**The task**
Go to the line below that has "NusaPure Aloe Vera", print it and each line after it exactly, and stop after the line that has "Libra Womens Funky T-Shirt#color_cyan"; leave out pictures.

= = = = = = =

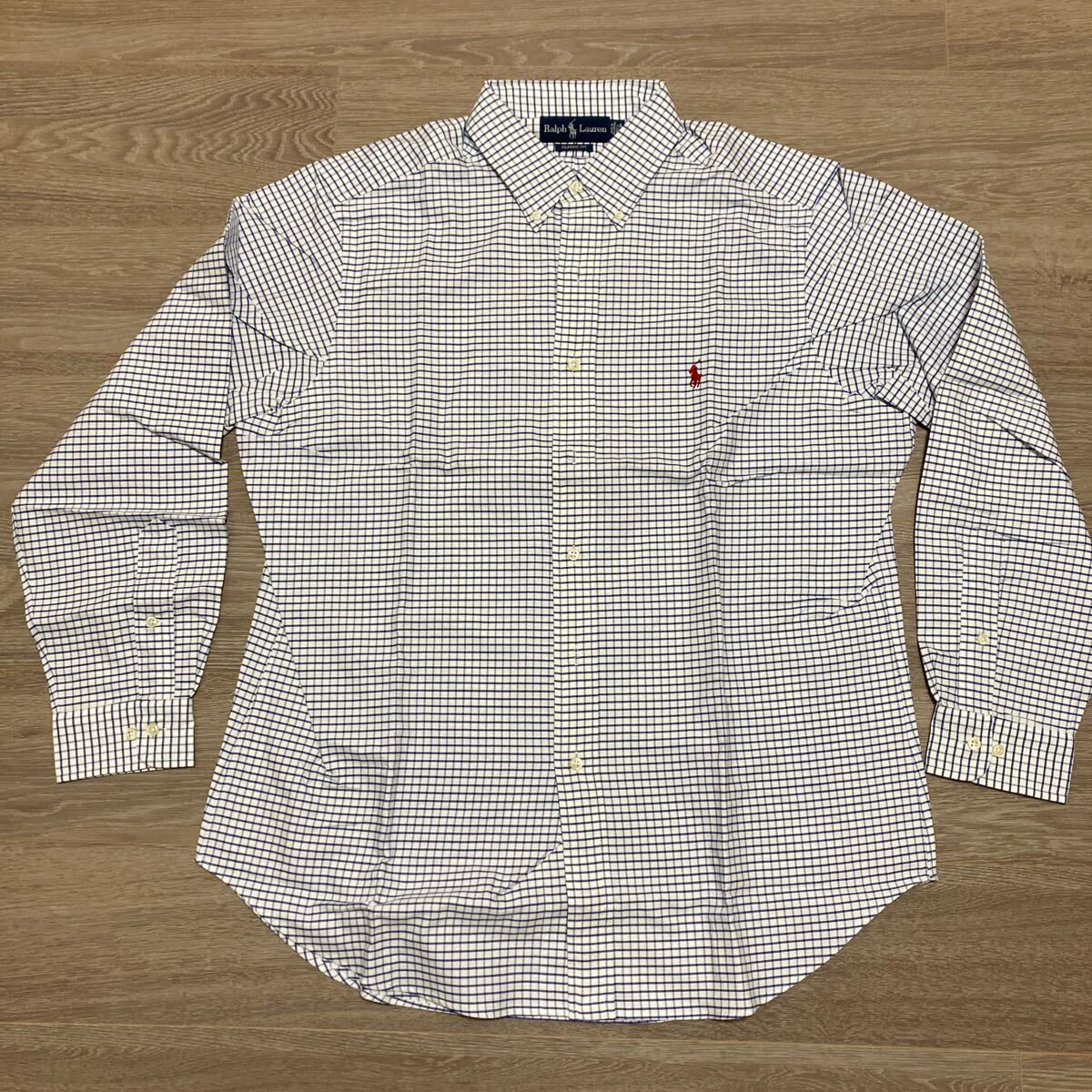 新品未使用POLO RALPH LAURENポロラルフローレン 長袖ボタンダウンオックスフォードシャツ 青チェック柄 16.5(16 1/2) 34/35アメリカ購入品拍卖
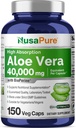 NusaPure Aloe Vera 40,000mg Per Veggie Caps - 150 Count - Aloe Vera Gel Supplement - Extract 200:1, Vegetarian, Non-GMO, Bioperine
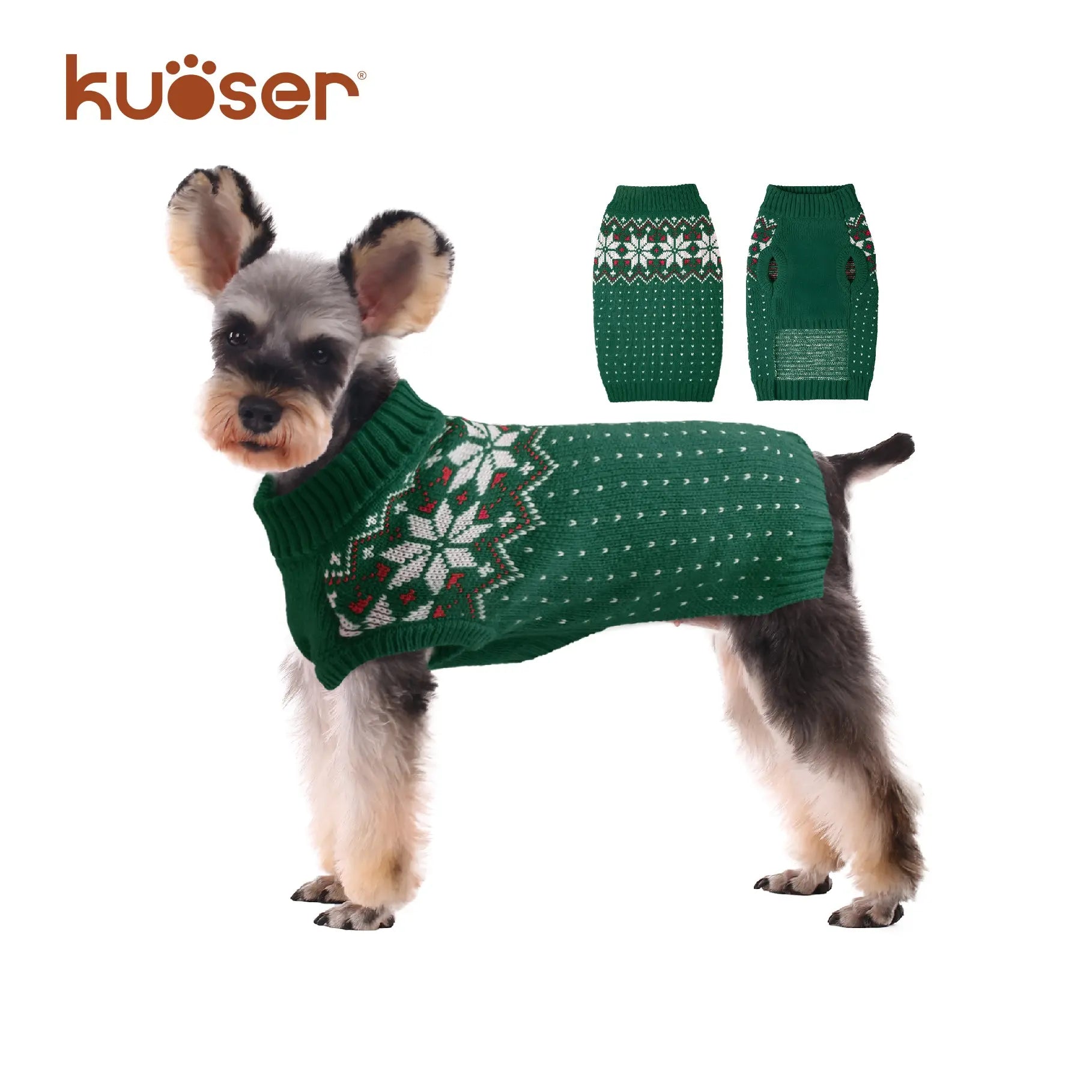 Kuoser Christmas Snowflake Dog & Cat Sweater — Soft Knit Turtleneck Pullover for Small & Medium Pets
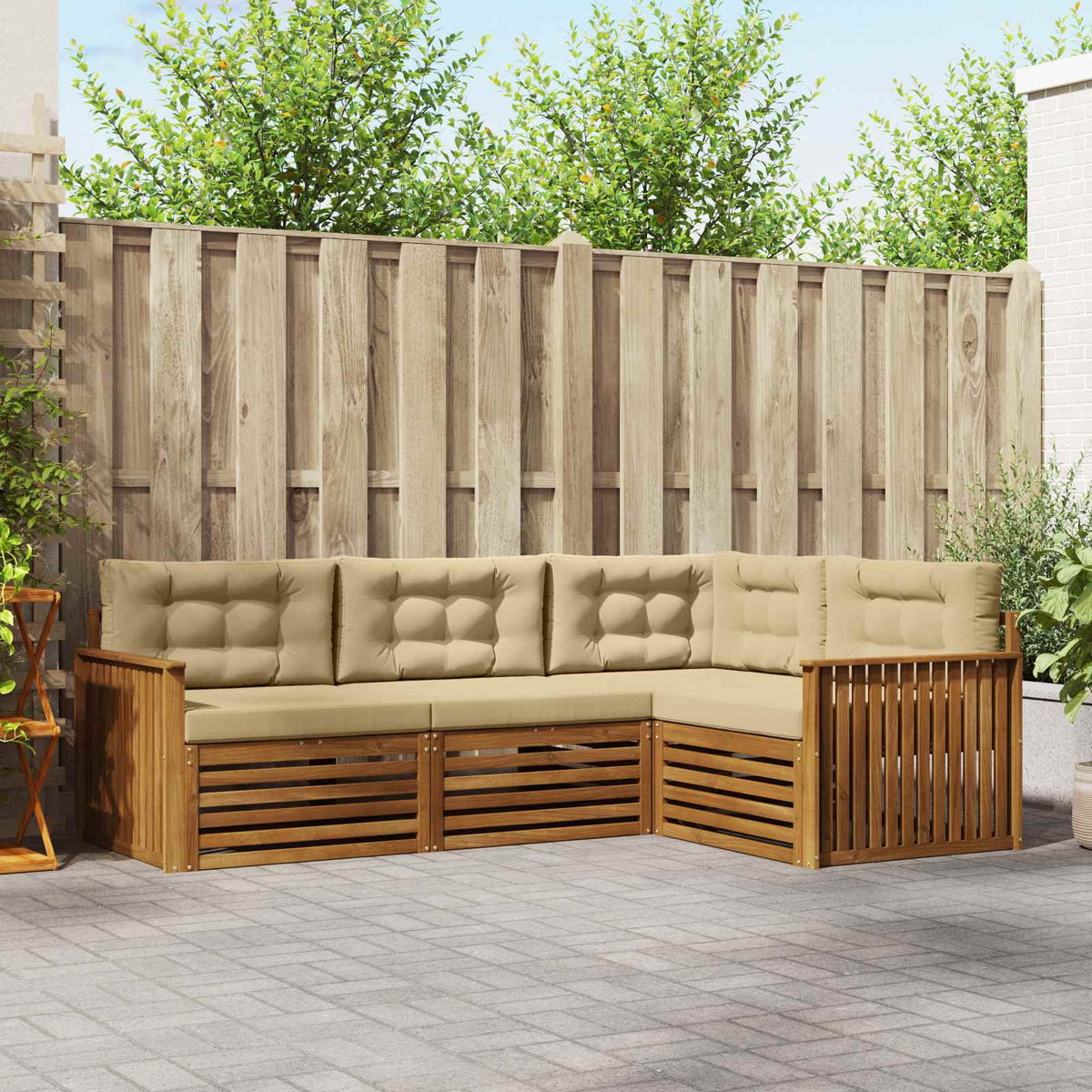 Set vanjskih sofa 4 kom. Prirodna i bež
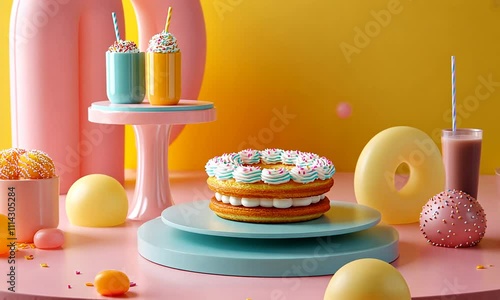 Pastel Dessert Still Life: Layered Cake, Drinks, and Spherical Treats on Pink and Yellow.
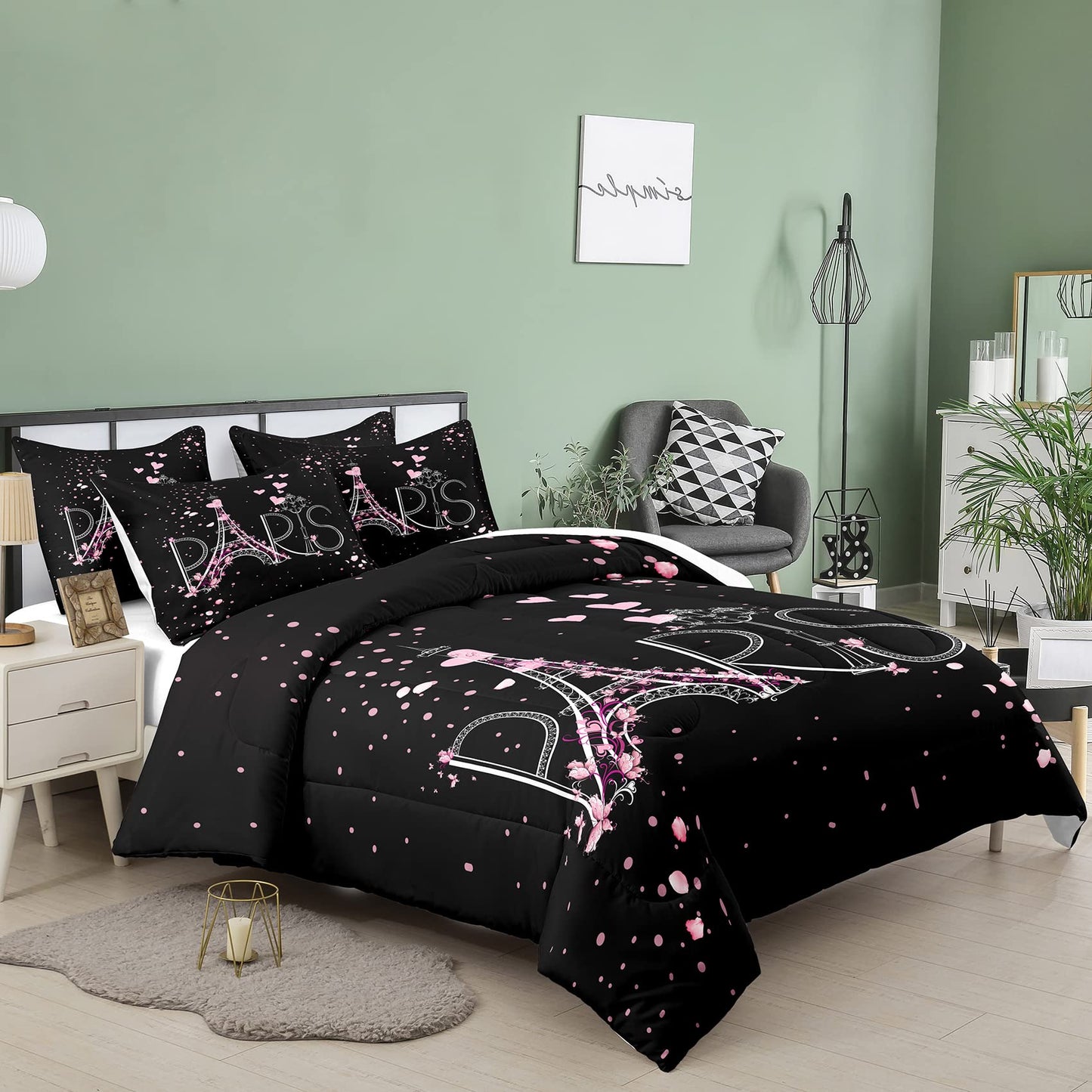 HAOHAY Eiffel Tower Comforter Set - Chic Paris Bedding Set with Romantic Theme - Black Pink Bedroom Decor - Modern French Style Comforter Set - Full Size with 2 Pillow Cases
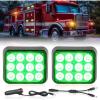 Nilight 2PCS Blue Strobe Wireless Magnetic Lights Portable Warning Hazard Light Surface Mount Waterproof 5 Patterns for 12V 24V Off Road Eergency Vehicles(12LED Green)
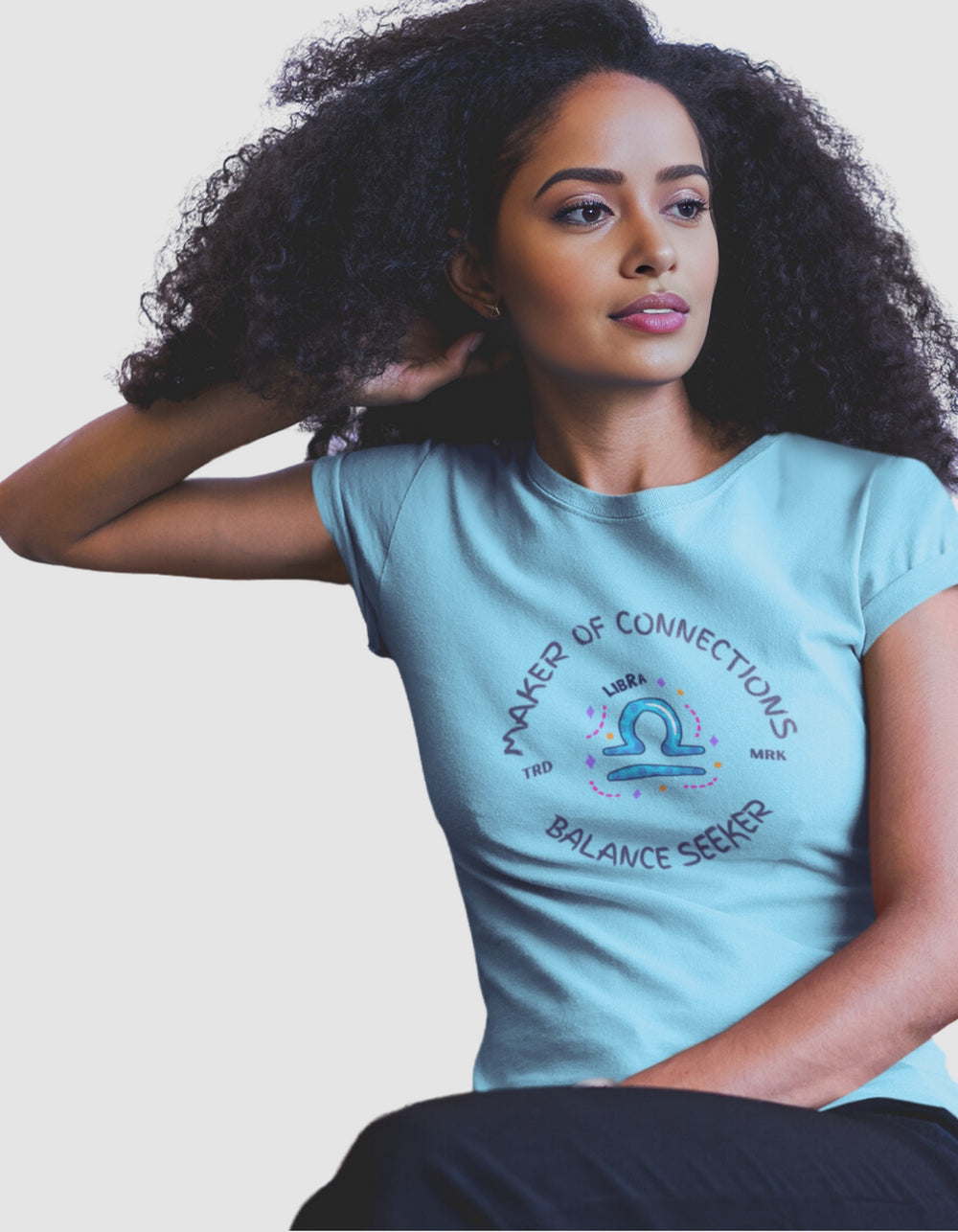 Libra Womens Funky T-Shirt#color_cyan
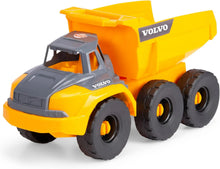 Volvo Tough Hauler toy dump truck, yellow-orange body, gray cab, large tread tires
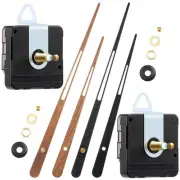 2 Pcs High Torque Long Shaft Clock Movement Mechanism with Wooden Clock Hands...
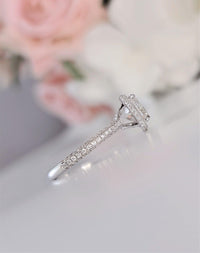 2.00ct Cushion Shaped Moissanite Halo Solitaire Engagement Ring - JBR Jeweler
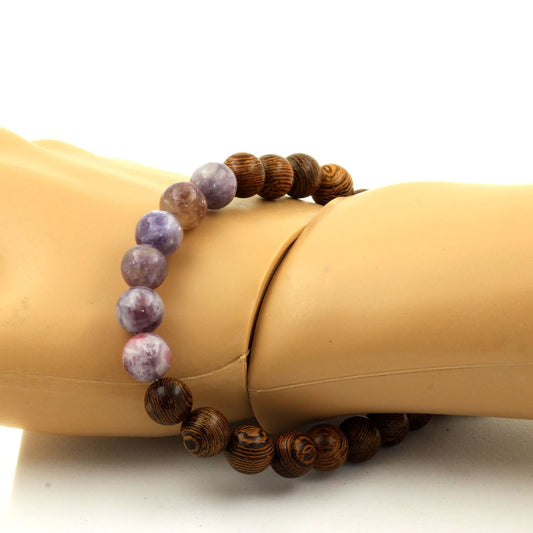 Mica violet de Tanzanie + bois. Bracelet Perles naturelles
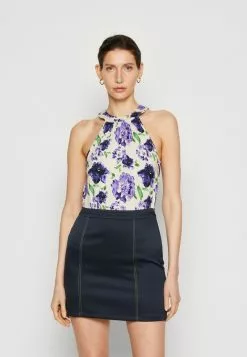 Anna Field Top - White/blue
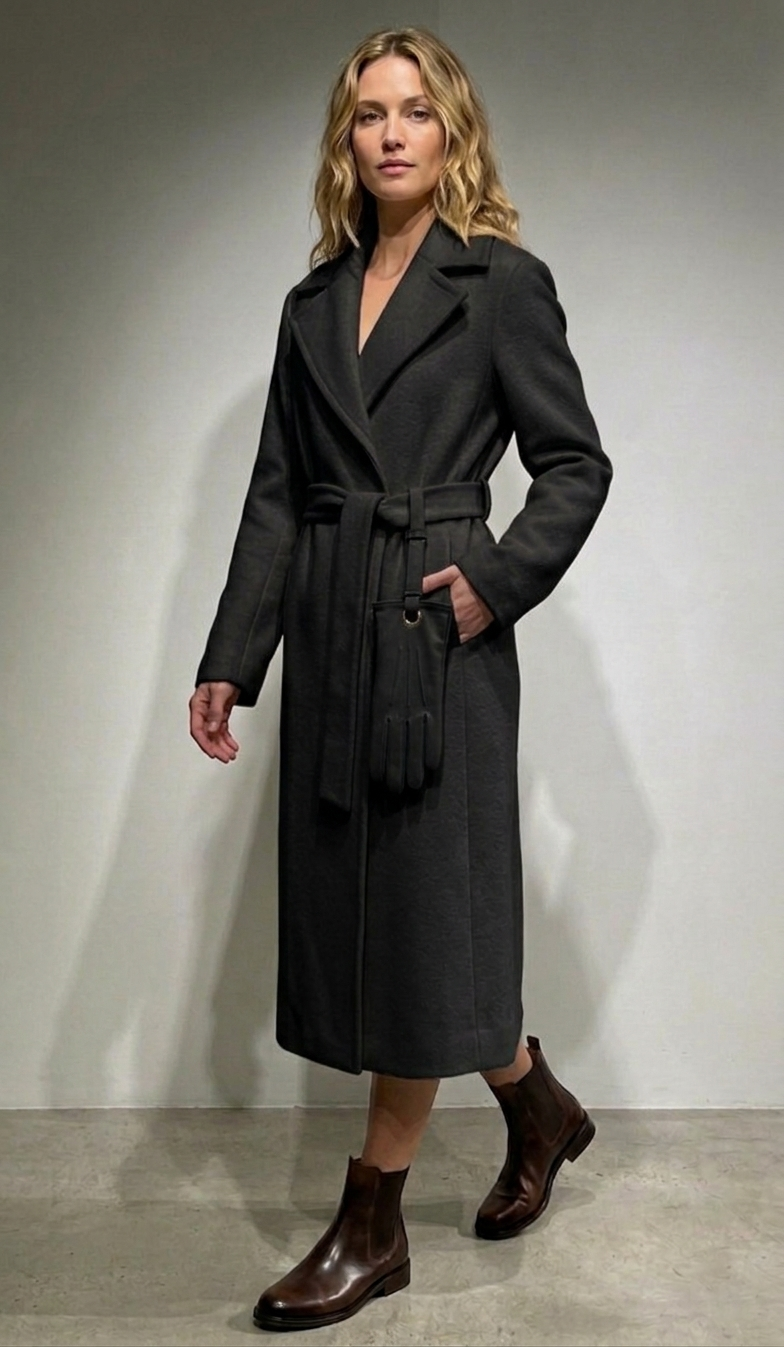 Fermo Signature Wrap Coat With Gloves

= = = = = = =

**Your response**
 NusaPure Aloe Vera 40,000mg Per Veggie Caps - 150 Count - Aloe Vera Gel Supplement - Extract 200:1, Vegetarian, Non-GMO, Bioperine
 Kuoser Christmas Snowflake Dog & Cat Sweater — Soft Knit Turtleneck Pullover for Small & Medium Pets
 Set vanjskih sofa 4 kom. Prirodna i bež
 Pastel Dessert Still Life: Layered Cake, Drinks, and Spherical Treats on Pink and Yellow.
 HAOHAY Eiffel Tower Comforter Set - Chic Paris Bedding Set with Romantic Theme - Black Pink Bedroom Decor - Modern French Style Comforter Set - Full Size with 2 Pillow Cases
 Nilight 2PCS Blue Strobe Wireless Magnetic Lights Portable Warning Hazard Light Surface Mount Waterproof 5 Patterns for 12V 24V Off Road Eergency Vehicles(12LED Green)
 Libra Womens Funky T-Shirt#color_cyan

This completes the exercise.